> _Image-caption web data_
_ _ _ _ _ _ _
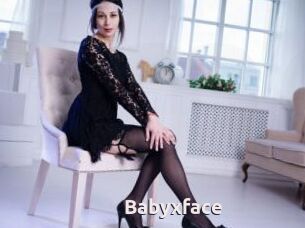 Babyxface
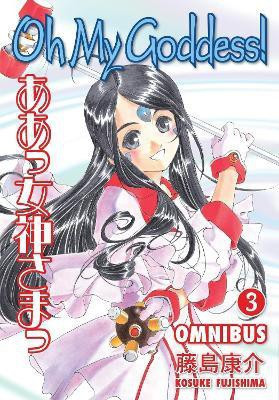 Oh My Goddess! Omnibus Volume 3(English, Paperback, Fujishima Kosuke)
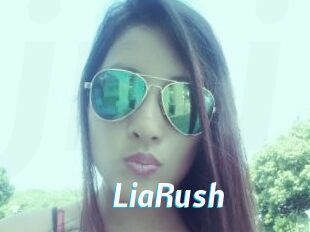 LiaRush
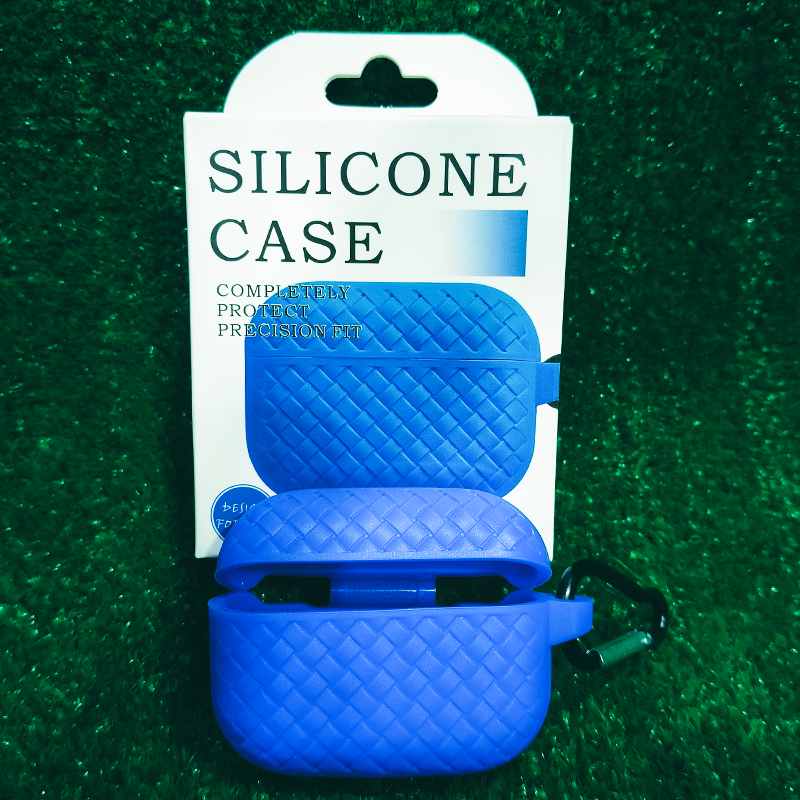 AirPods Pro Protective Case | Shockproof Cover | Multiple Colors Available | Premium Quality | 54
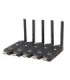گیرنده و فرستنده بی‌ سیم HDMI کی نت پلاس KP-WT64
_ _ _ _ _ _ _
> _Prompt_
Only the words belong in your copy: restate the data above exactly and leave the images out.

> _Expected answer_
 Babyxface
 Oh My Goddess! Omnibus Volume 3(English, Paperback, Fujishima Kosuke)
 LiaRush
 AirPods Pro Protective Case | Shockproof Cover | Multiple Colors Available | Premium Quality | 54
گیرنده و فرستنده بی‌ سیم HDMI کی نت پلاس KP-WT64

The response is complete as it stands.